Image-caption web data
··········

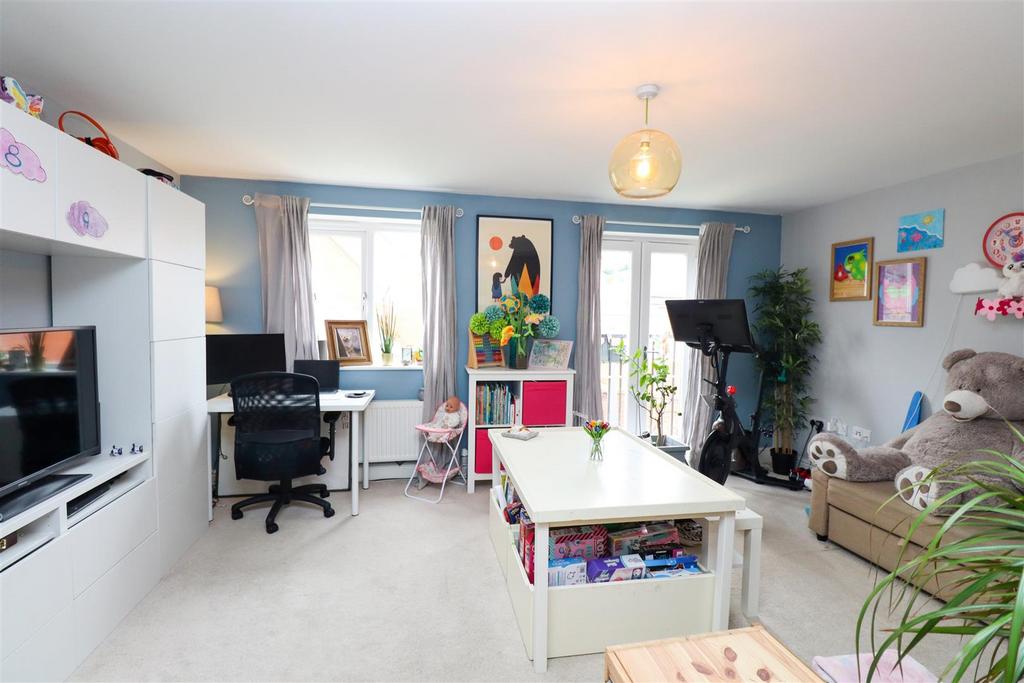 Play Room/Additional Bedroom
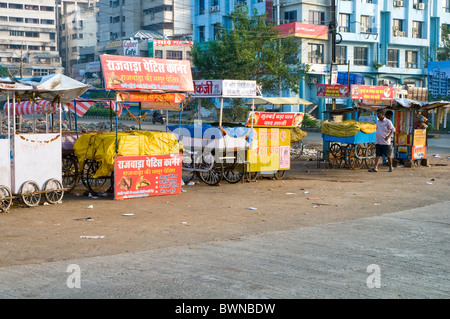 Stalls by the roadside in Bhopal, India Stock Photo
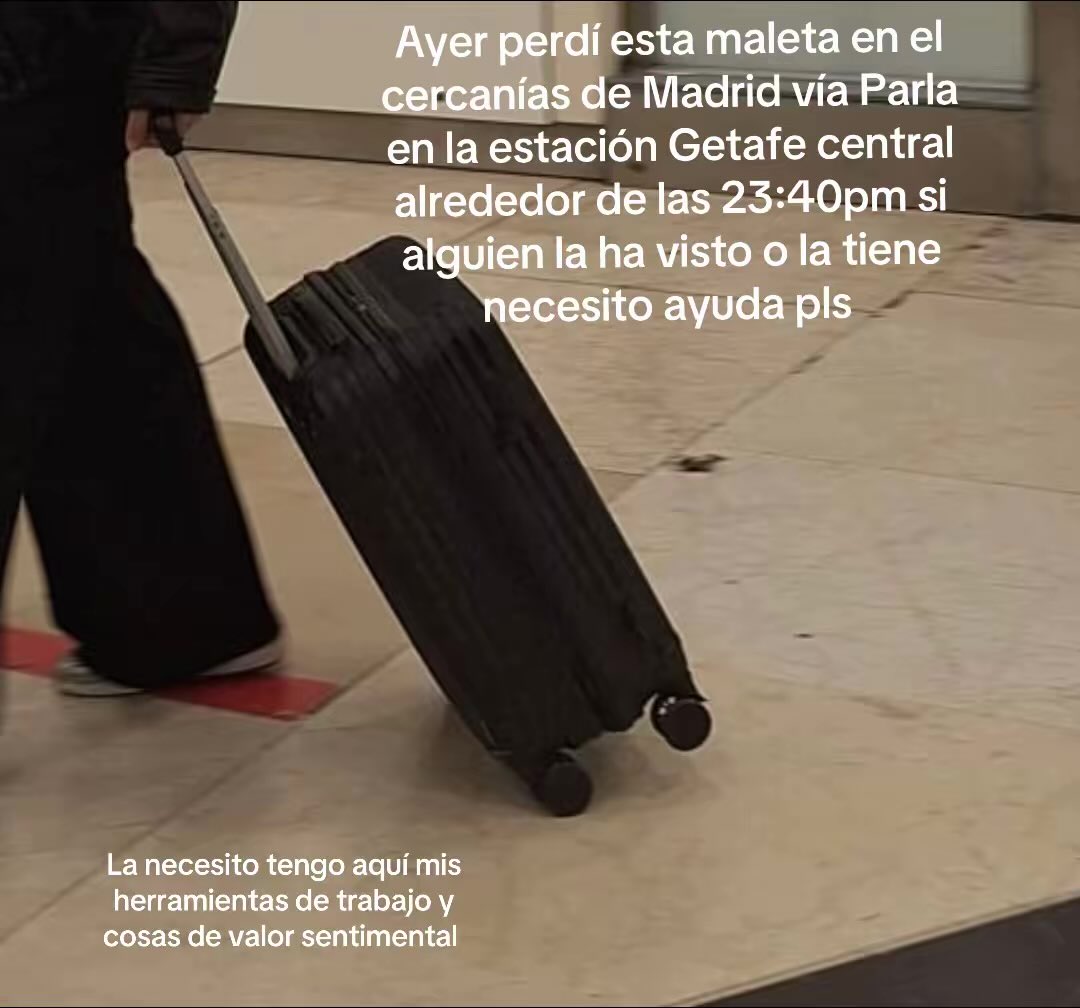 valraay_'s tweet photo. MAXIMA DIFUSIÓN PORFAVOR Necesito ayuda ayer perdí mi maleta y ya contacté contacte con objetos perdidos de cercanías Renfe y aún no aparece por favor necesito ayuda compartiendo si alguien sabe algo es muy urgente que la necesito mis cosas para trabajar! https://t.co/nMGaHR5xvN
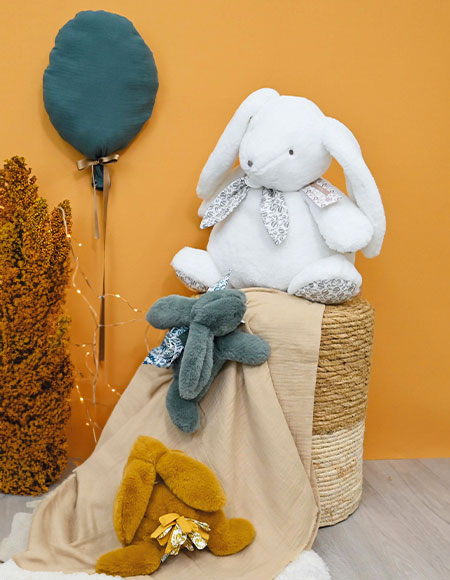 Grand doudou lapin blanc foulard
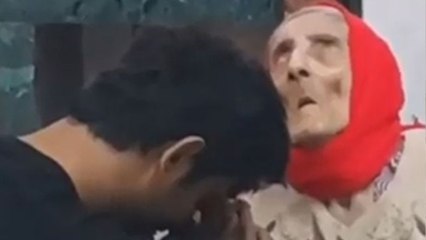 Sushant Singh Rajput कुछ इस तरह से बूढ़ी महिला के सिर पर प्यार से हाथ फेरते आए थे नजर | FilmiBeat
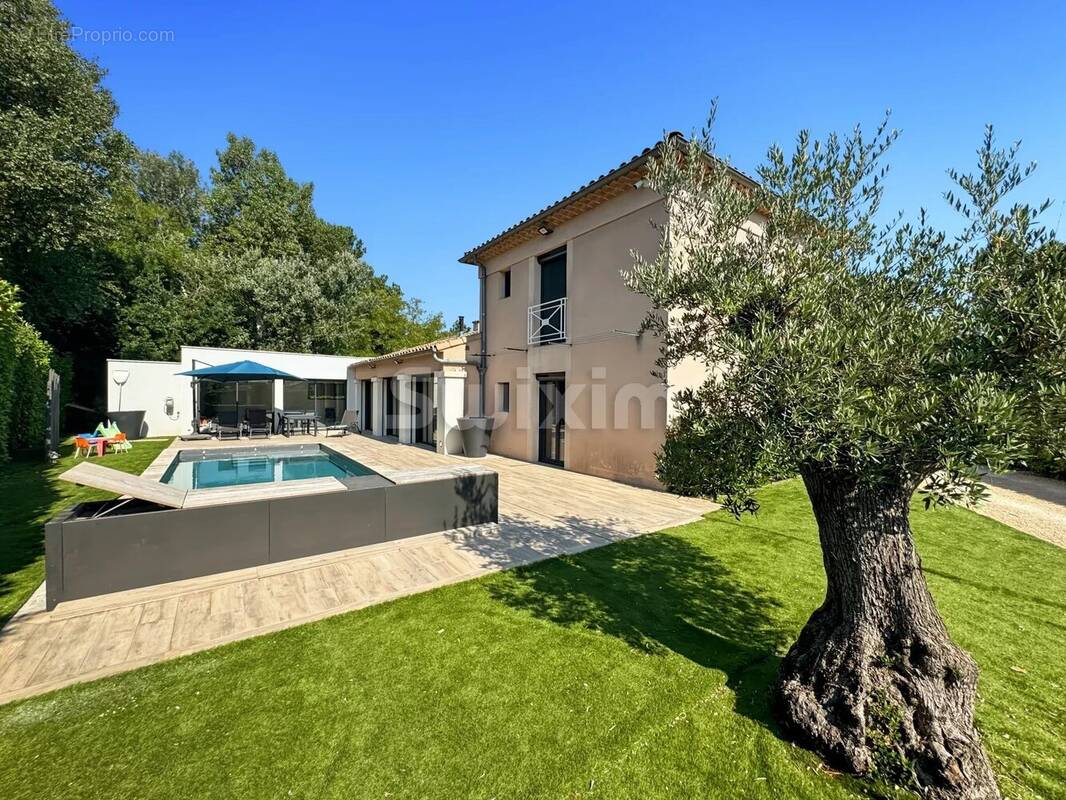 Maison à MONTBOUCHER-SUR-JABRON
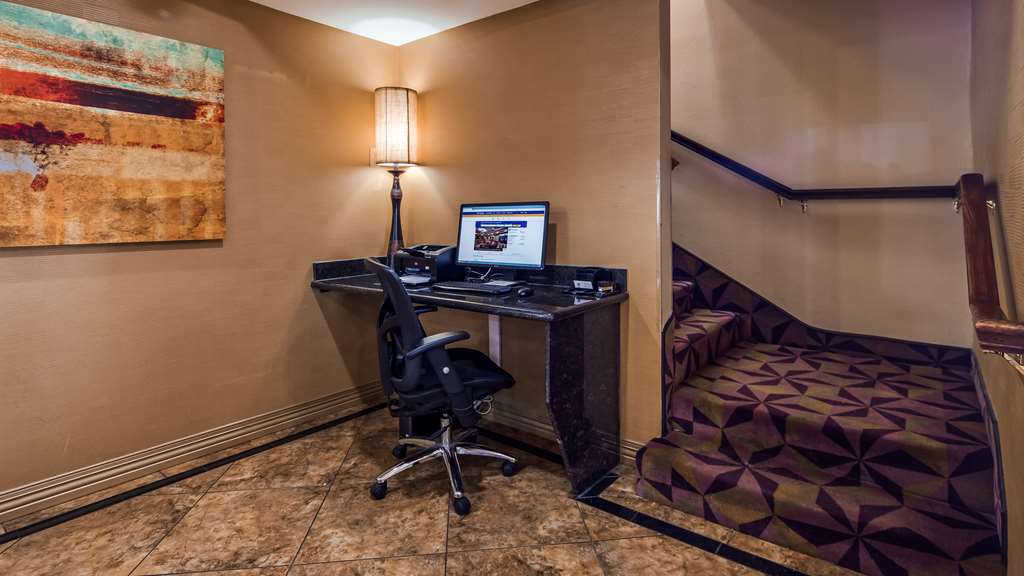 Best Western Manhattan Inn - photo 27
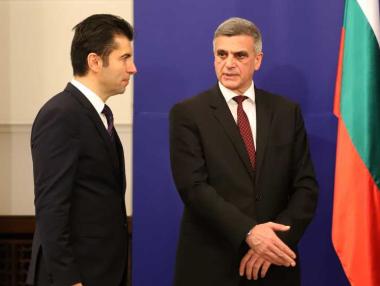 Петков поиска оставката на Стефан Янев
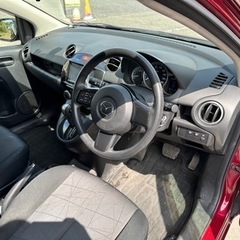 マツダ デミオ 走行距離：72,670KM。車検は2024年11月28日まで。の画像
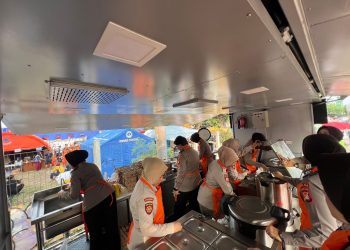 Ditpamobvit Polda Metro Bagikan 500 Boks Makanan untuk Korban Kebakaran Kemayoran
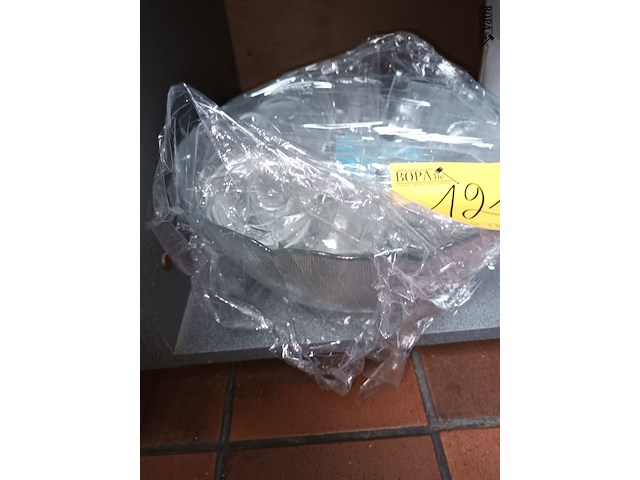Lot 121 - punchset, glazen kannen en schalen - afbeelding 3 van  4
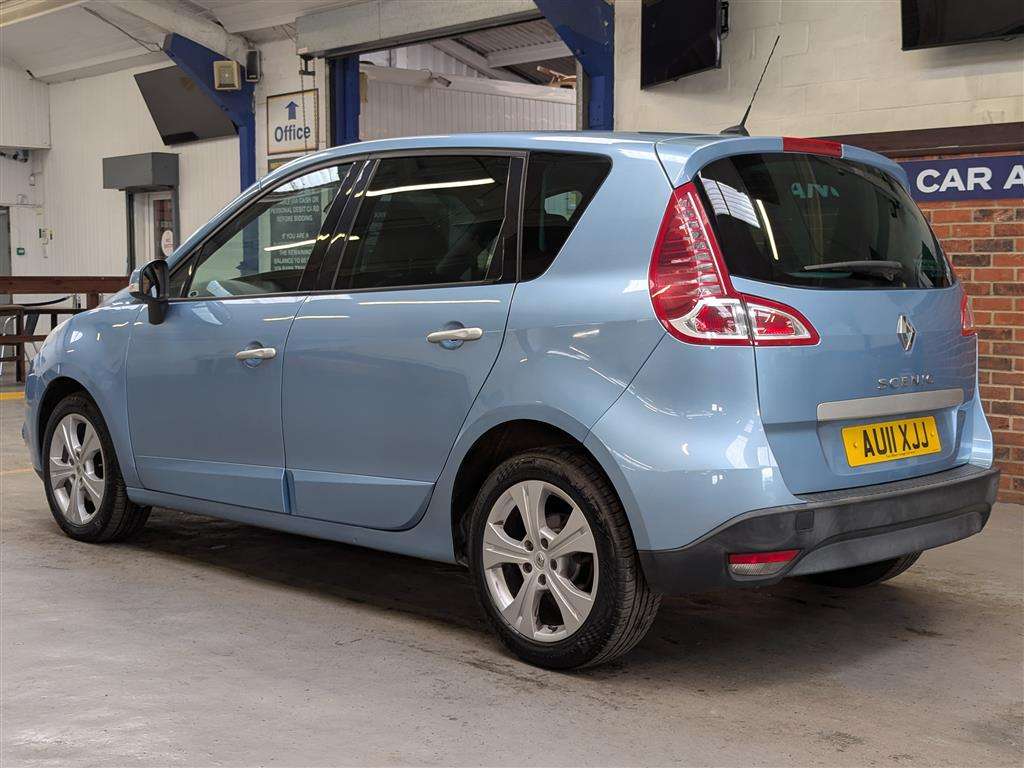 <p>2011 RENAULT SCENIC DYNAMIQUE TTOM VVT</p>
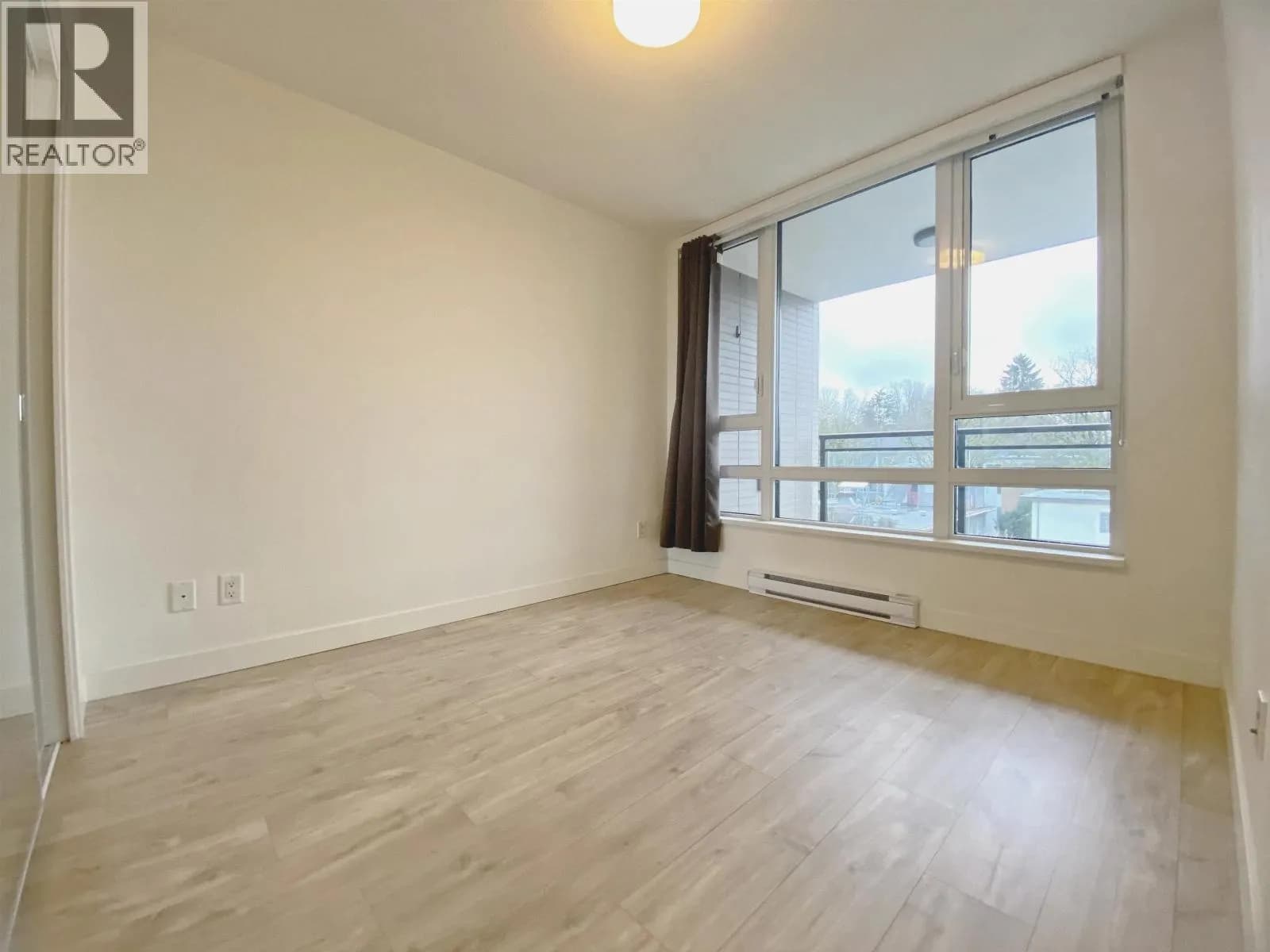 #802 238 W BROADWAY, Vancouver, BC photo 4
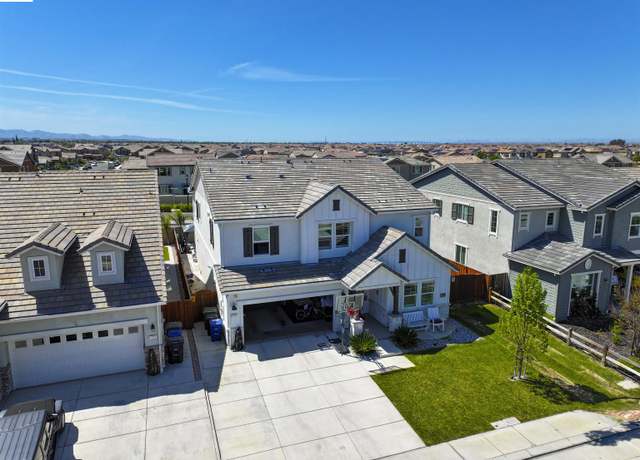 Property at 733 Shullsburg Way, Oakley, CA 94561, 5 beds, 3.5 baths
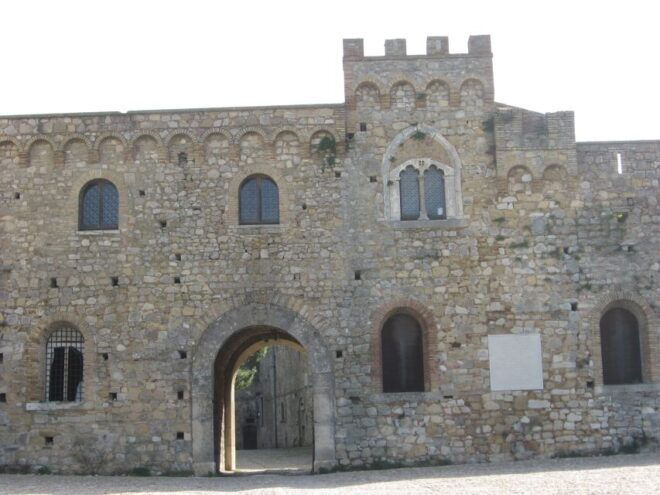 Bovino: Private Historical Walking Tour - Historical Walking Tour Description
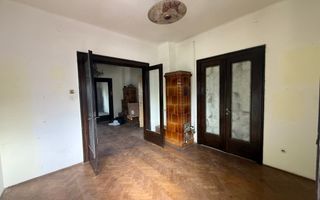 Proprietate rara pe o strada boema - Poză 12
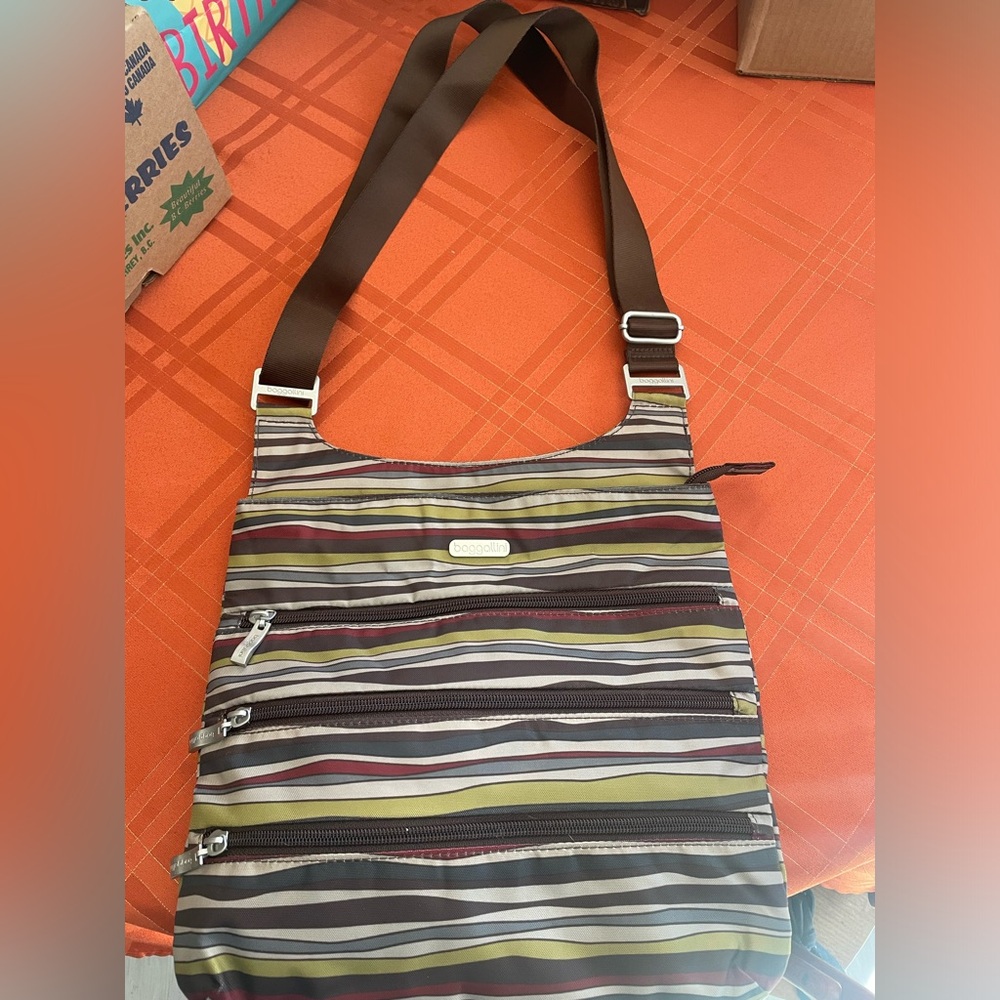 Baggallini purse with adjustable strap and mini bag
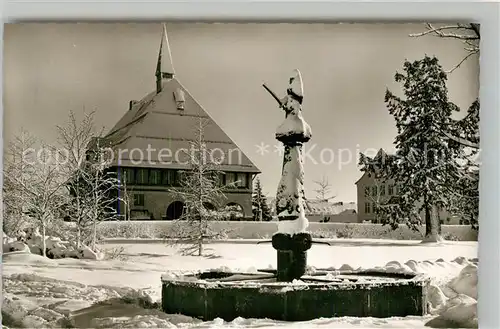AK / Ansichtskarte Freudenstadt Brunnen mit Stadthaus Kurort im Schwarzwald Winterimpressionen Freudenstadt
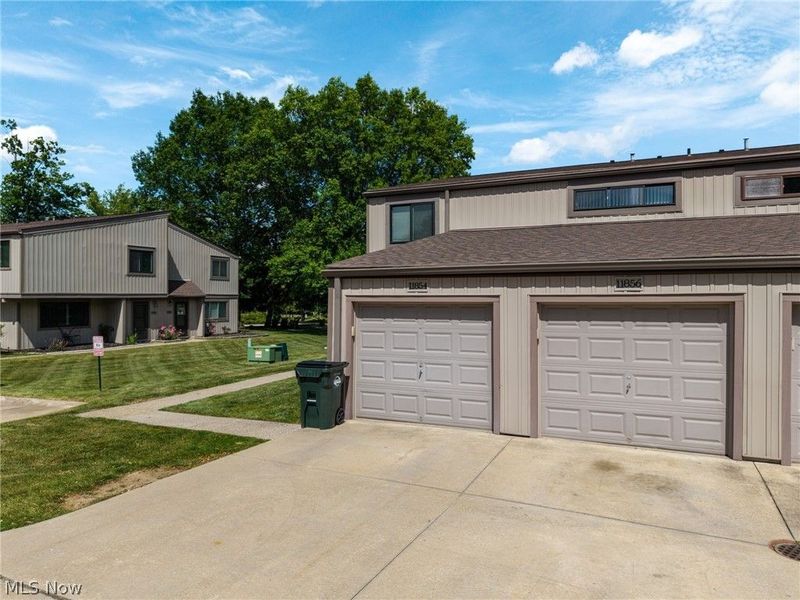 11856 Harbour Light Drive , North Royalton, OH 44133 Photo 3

··········

## [TASK BRIEF]
Restate the records above in full and word for word, but do not carry over any pictures.

## [EXERCISE OUTPUT]
 Play Room/Additional Bedroom
 Stalls by the roadside in Bhopal, India Stock Photo
 valraay_'s tweet photo. MAXIMA DIFUSIÓN PORFAVOR Necesito ayuda ayer perdí mi maleta y ya contacté contacte con objetos perdidos de cercanías Renfe y aún no aparece por favor necesito ayuda compartiendo si alguien sabe algo es muy urgente que la necesito mis cosas para trabajar! https://t.co/nMGaHR5xvN
 Grand doudou lapin blanc foulard
 Sushant Singh Rajput कुछ इस तरह से बूढ़ी महिला के सिर पर प्यार से हाथ फेरते आए थे नजर | FilmiBeat
 Maison à MONTBOUCHER-SUR-JABRON
 Best Western Manhattan Inn - photo 27
 Петков поиска оставката на Стефан Янев
 マツダ デミオ 走行距離：72,670KM。車検は2024年11月28日まで。の画像
 Ditpamobvit Polda Metro Bagikan 500 Boks Makanan untuk Korban Kebakaran Kemayoran
Lot 121 - punchset, glazen kannen en schalen - afbeelding 3 van  4
 <p>2011 RENAULT SCENIC DYNAMIQUE TTOM VVT</p>
 #802 238 W BROADWAY, Vancouver, BC photo 4
 Property at 733 Shullsburg Way, Oakley, CA 94561, 5 beds, 3.5 baths
 Bovino: Private Historical Walking Tour - Historical Walking Tour Description
 Proprietate rara pe o strada boema - Poză 12
 Baggallini purse with adjustable strap and mini bag
AK / Ansichtskarte Freudenstadt Brunnen mit Stadthaus Kurort im Schwarzwald Winterimpressionen Freudenstadt
 11856 Harbour Light Drive , North Royalton, OH 44133 Photo 3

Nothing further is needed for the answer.